As a physical treatment process, RO has a residence time of just 3 minutes, whereas for a conventional biological treatment process, like an SBR plant, it would be 10 to 15 days. Consequently, an RO plant has a very small footprint. This portability lends the process to much easier volumetric plant upgrades and downgrades, thus making it the only commercially available leachate treatment technology that is truly modular and mobile.

The small footprint of an RO plant means that very little infrastructure needs to be in place other than the hard-standing area for the plant and chemical storage tank. Installation and commissioning of such a plant will normally take 3-4 days.

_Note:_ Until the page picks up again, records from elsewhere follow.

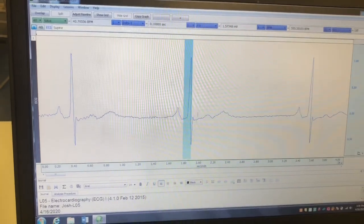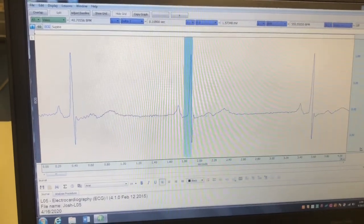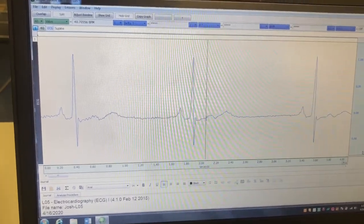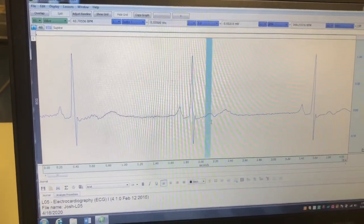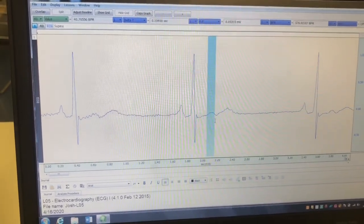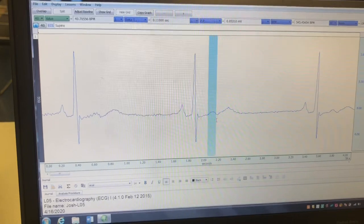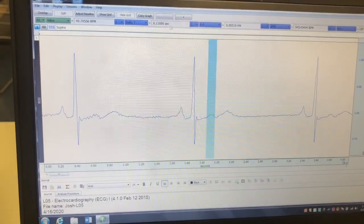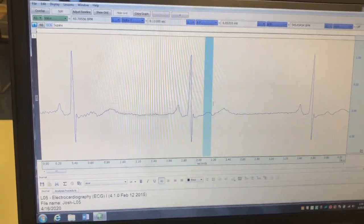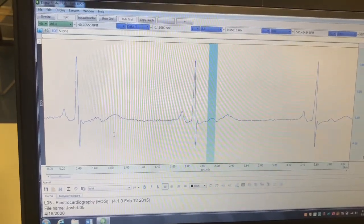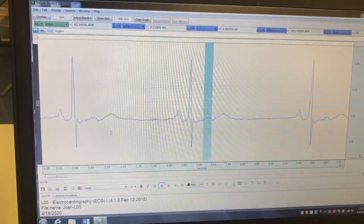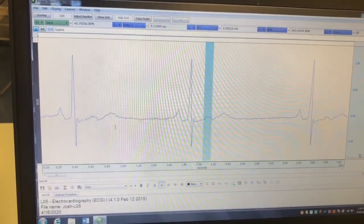Next is your T wave, right here. You're going to go from the beginning of that to right about the end, and again record the time and amplitude.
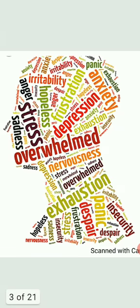In scientific language, stress is described as the pattern of responses an organism makes to a stimulus event that disturbs the equilibrium and exceeds a person's ability to cope.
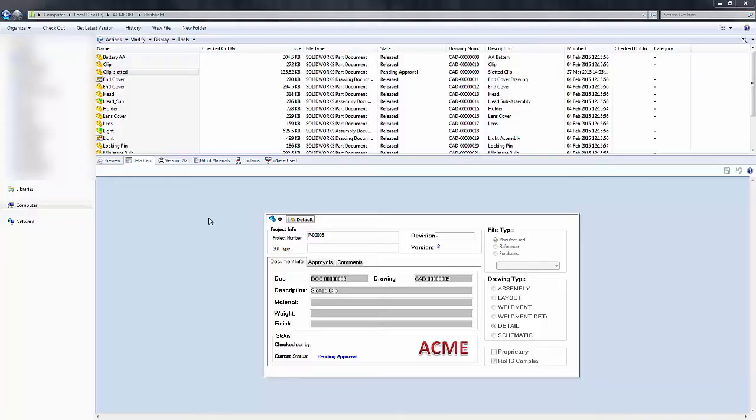Sometimes when we check in documents and when we change states of a document we forget to add comments, especially when the comments are not required by our administrator.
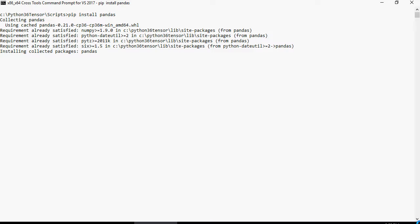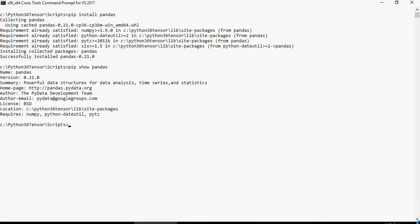The pandas package is successfully installed. Now let's look at the command to see if pandas is installed. I'm going to type pip show pandas. You can see that it says it's installed.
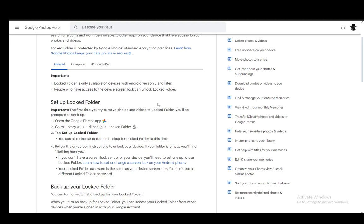Hey everybody, what is going on? I hope you guys are all doing well and welcome to another tutorial video. In this video, I'll be explaining to you guys how you can open the locked folder on Google Photos, so let's get right into it.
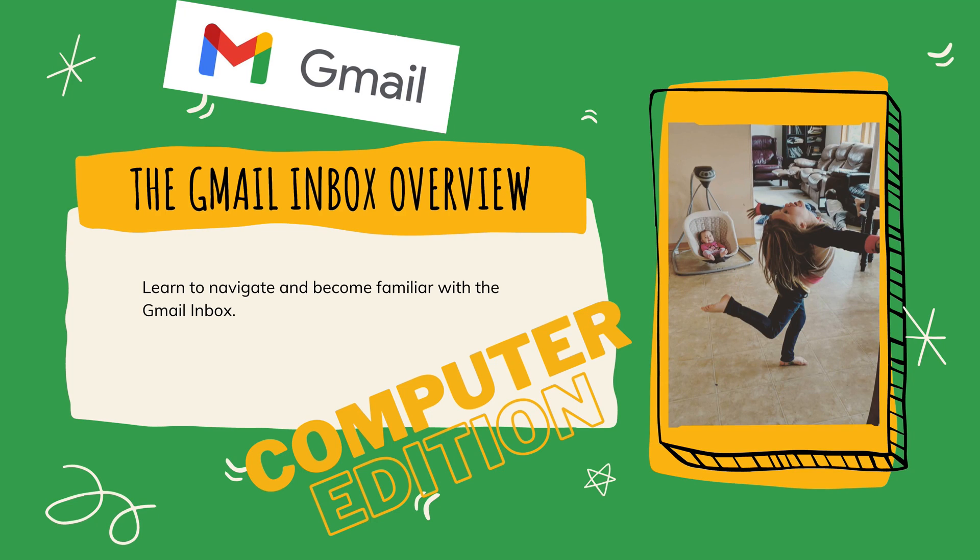Hey, Kurt here with TeachMomHow. The Gmail Inbox Overview is today's video. You're going to learn to navigate and become super familiar, know everything you need to know about the Gmail Inbox. This one is the computer edition.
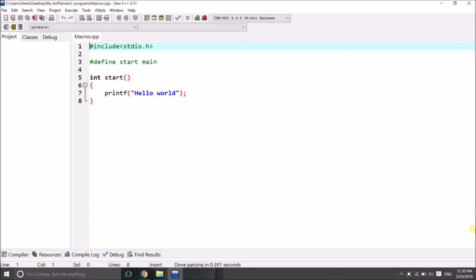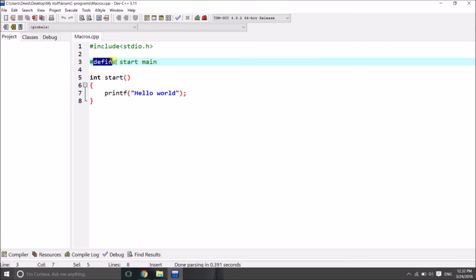Hi viewers, I am Kiran. I am going to explain how to run a C program without a main function. It is simple by using a macro. Here I am defining a macro for 'start' which is substituted with 'main'. Start is substituted or replaced with main during compile time.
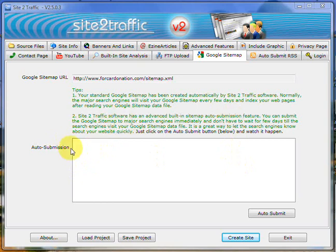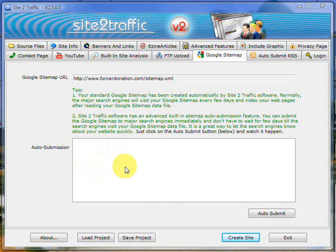We don't have to do anything or type anything in. We just click auto-submit, and you'll see it come through here. It'll tell you Google done, Yahoo done, etc., and it'll go down the list. Once it's done, it's done—nice and easy. We'll see you on the next video. Bye for now.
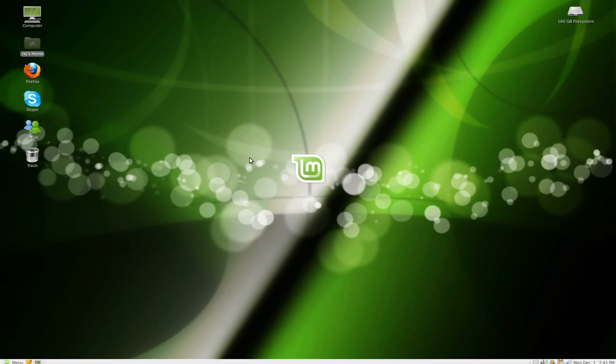Hey guys, even though I'm a little bit sick today I just decided to go ahead and do this video for you. What I'm going to show you today is how to take advantage of Ubuntu One cloud computing on your Linux Mint 8 Helena installation.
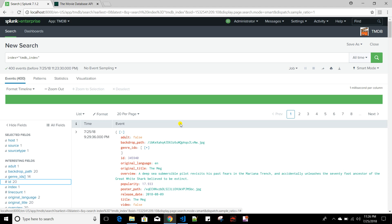We need Checkpointing because Splunk does not support this behavior out of the box. When you index something and new data arrives, Splunk does not know whether that new data is already indexed or not. To build that functionality, we have to code it ourselves.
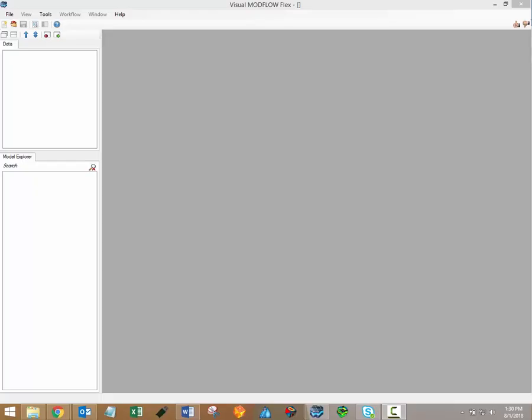Hi there. Welcome to the Visual Modflow Flex video training series. My name is Brayden McNeil and I'm the lead software trainer here at Waterloo Hydrogeologic. In this video, I'll show you how to create a new project and discuss the differences between the conceptual and numerical modeling workflows supported in Visual Modflow Flex.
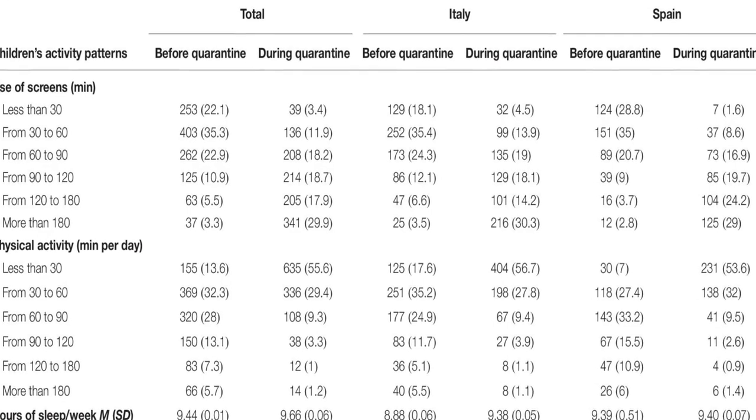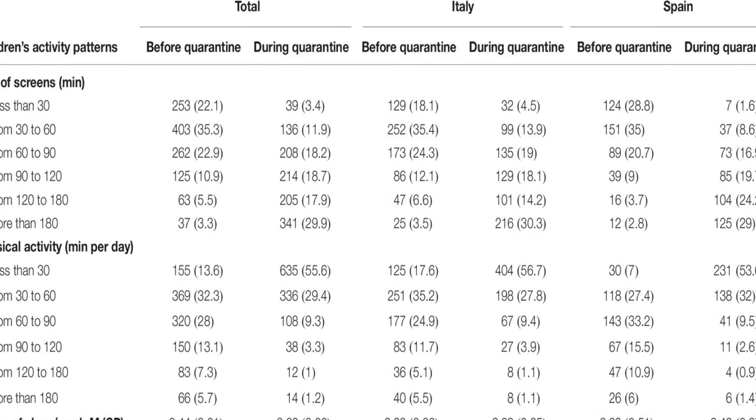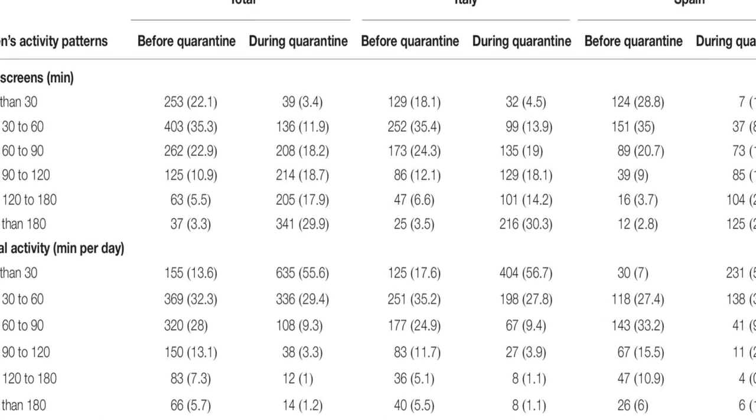The most frequent symptoms were difficulty concentrating, boredom, irritability, restlessness, nervousness, feelings of loneliness, uneasiness, and worries.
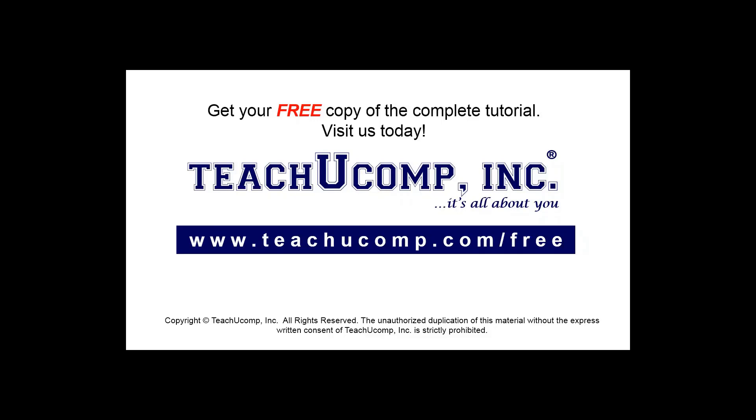Get your free copy of the complete tutorial at www.teachucomp.com forward slash free.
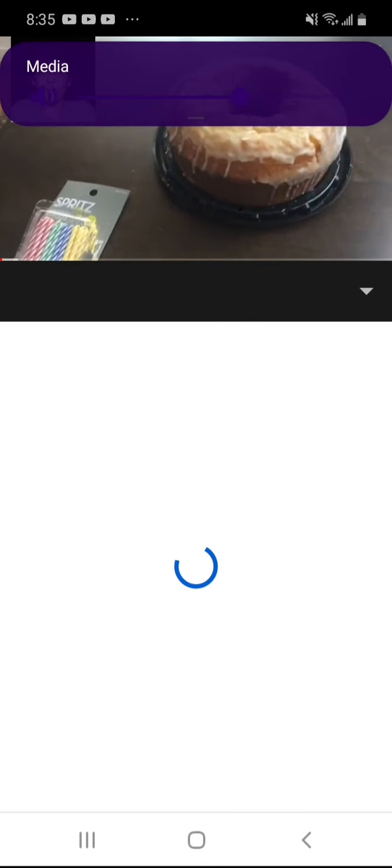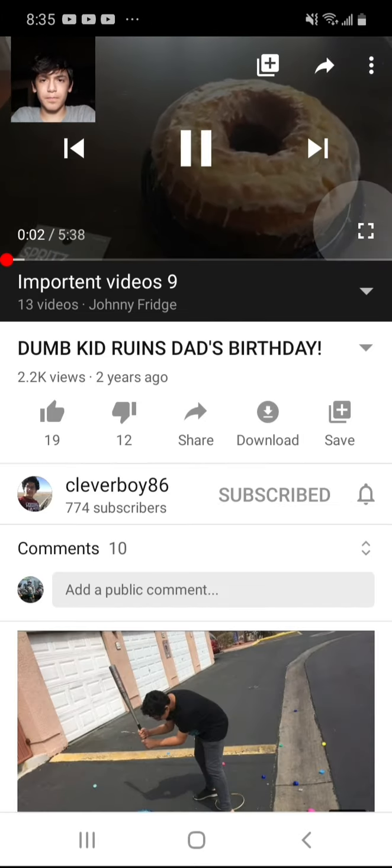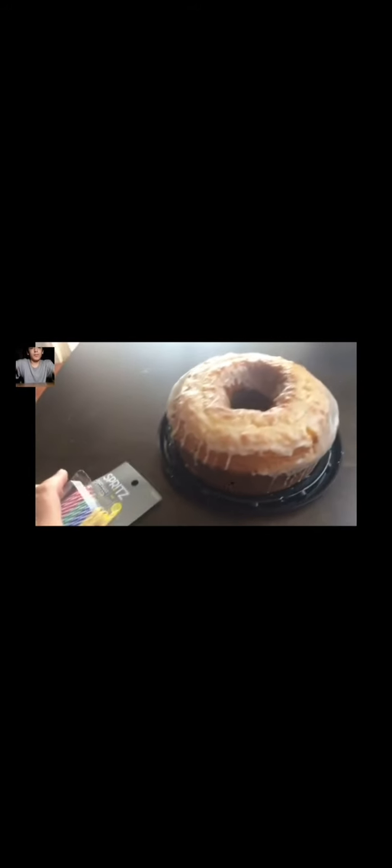Hey everybody, it's Dad here. I don't know if you knew it or not, but today is my birthday. So I got a cake for dumb kid and I to enjoy. It's a lemon cake. I also got some candles. I'm going to put these candles on here. And we're going to light these up.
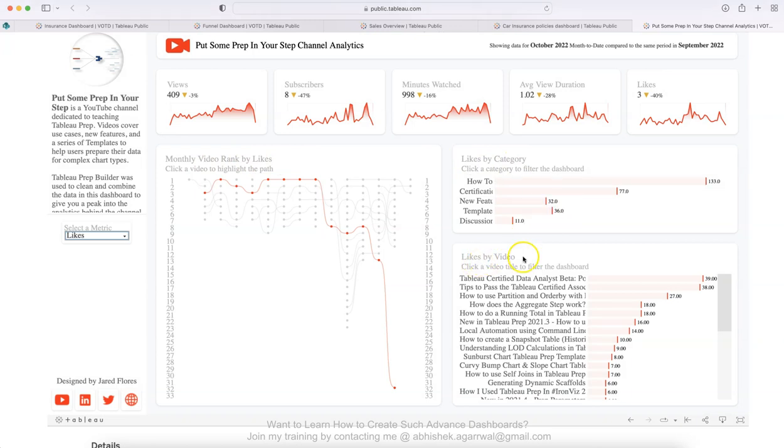So these are the five dashboards I wanted to show you in this video that you can take an inspiration from and create your next dashboard. Let me know how did you like it. If you are interested in knowing or getting to know more videos like this, then I'll be more than happy to create it based on your feedback. Let me know your thoughts in the comments and I'll create the content for you as per your need. With that, thank you so much for watching.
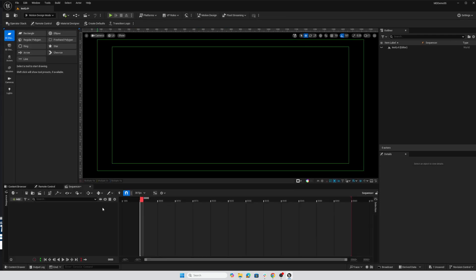And here we are. By default, our new motion design sequence is set to 30 frames per second. Hope this helps. Until next time, have fun.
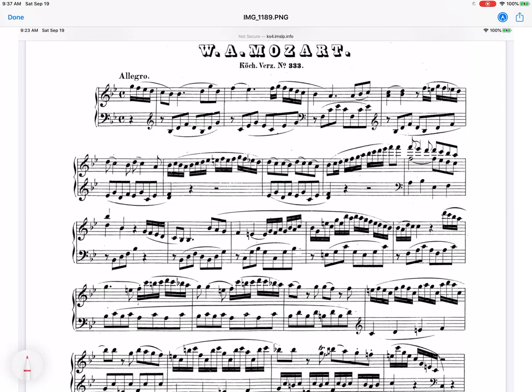Good morning, it's Dr. Alan Yim. Take a listen to this opening of the Mozart K333 Piano Sonata. It modulates from major to the dominant key — it begins in B-flat and is going to modulate to F. See if you can find or hear where the point of modulation is.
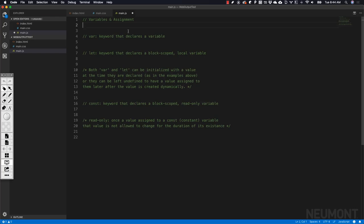In this video, we're going to discuss a very important aspect of programming, and that is variables.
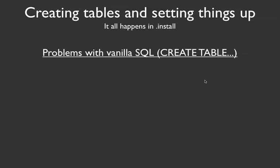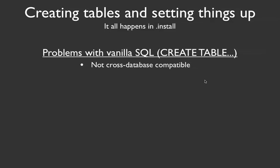So first of all, when you create a table inside of Drupal, there is a particular way that you do it. And the reason why we don't use just basic vanilla SQL is that it's not cross-database compatible. So in previous versions of Drupal, people had to create different versions of their installation scripts based on the type of database that they were trying to support.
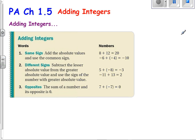All right, this is our pre-algebra video, Chapter 1.5, Adding Integers. So this should be a review for you, but we'll just go through it real quick.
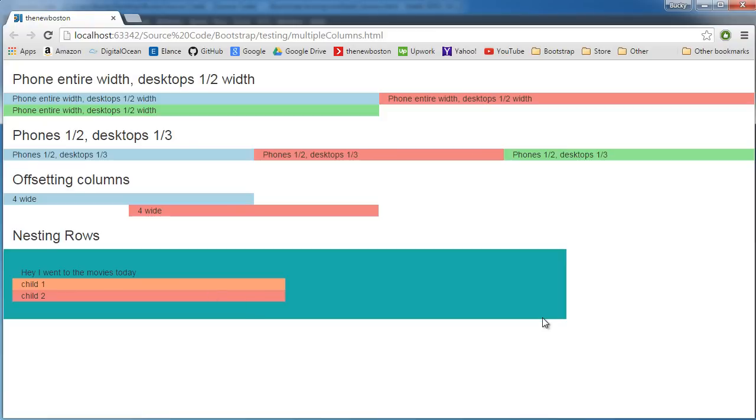So there you go. Now usually in here you'd want to do something like have them span all 12 columns, and that's how like comments usually work whenever you're looking at a post or whatever. But there you go. Hopefully you guys understand how to use multiple columns in multiple classes for creating different dynamic types of layouts for different devices. Yeah, hopefully you guys enjoyed, see you next time.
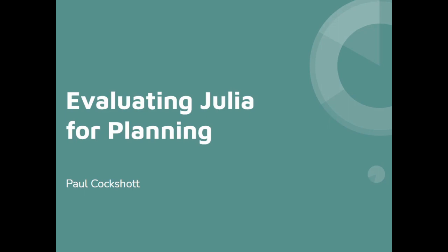This is a relatively non-political video. It's about the strengths and weaknesses of the Julia programming language as a coding language to use in designing planning software for national economic planning.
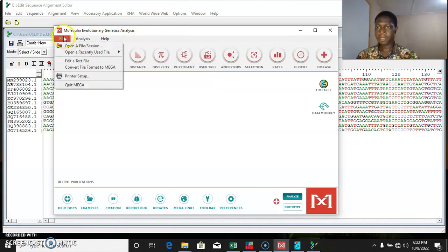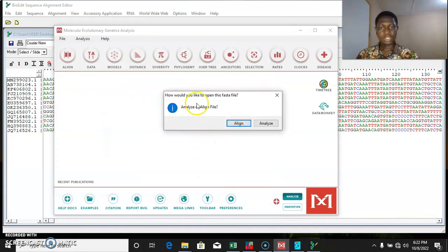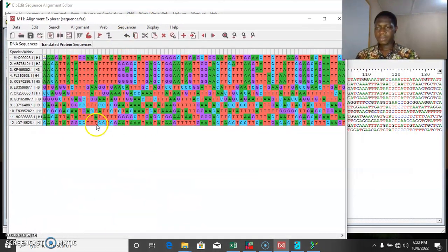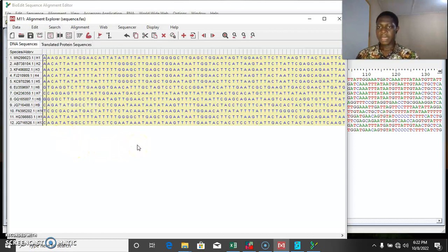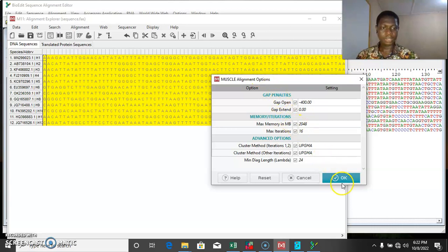So we come to File, open the file, then we select the sequence which is our file name. It will bring this option — align all and align. We select Align. So while we have these sequences imported into the MEGA platform, the next thing we'll do is select all. We'll come to the Edit option, then select all. We are going to be using a MUSCLE algorithm to run the multiple sequence alignment. So we select MUSCLE and align our sequences. We press OK.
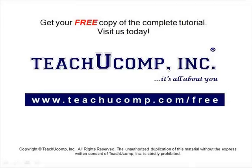Get your free copy of the complete tutorial at www.teachucomp.com forward slash free.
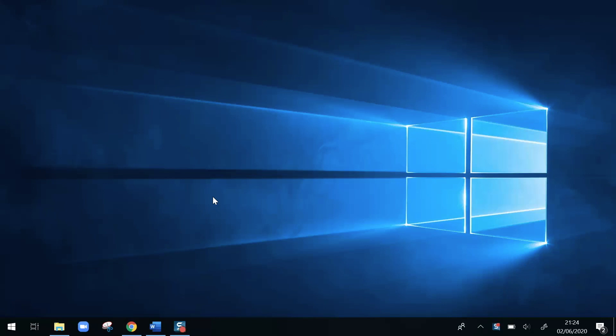Hi and welcome to the video. In this video I'll show you how to get the search bar back on your Windows 10 computer. The search bar is normally kept here in the bottom left next to the start button.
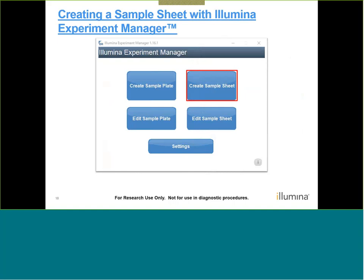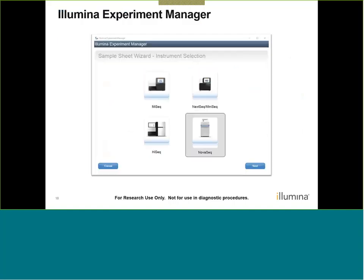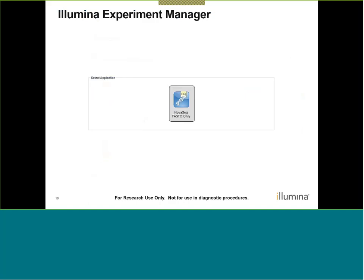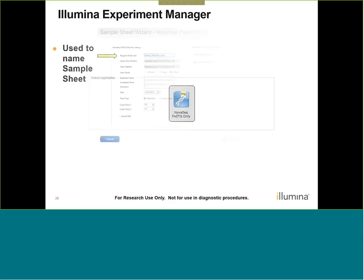When we launch Illumina Experiment Manager, there is an option highlighted in a red box to create the sample sheet. Clicking that box allows you to pick the specific instrument — in this case, selecting a NovaSeq. We can then select an application, and for the NovaSeq, the only option present is for FASTQ generation only, so we'll advance to the next window.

A plant with a treatment capacity ranging between 25 to 200m3/day can be delivered in a 40 foot ISO container on the back of a lorry. If required, any plant can be upgraded to a 200 m3/day three-stage plant all within the same container. The plant can also be moved to another site, thus making it a mobile asset and suitable for hire or purchase.

As a mobile structure, self-contained, with temporary external connections and not being permanently fixed to the ground, RO plants are exempt from planning permission when used on a short-term basis.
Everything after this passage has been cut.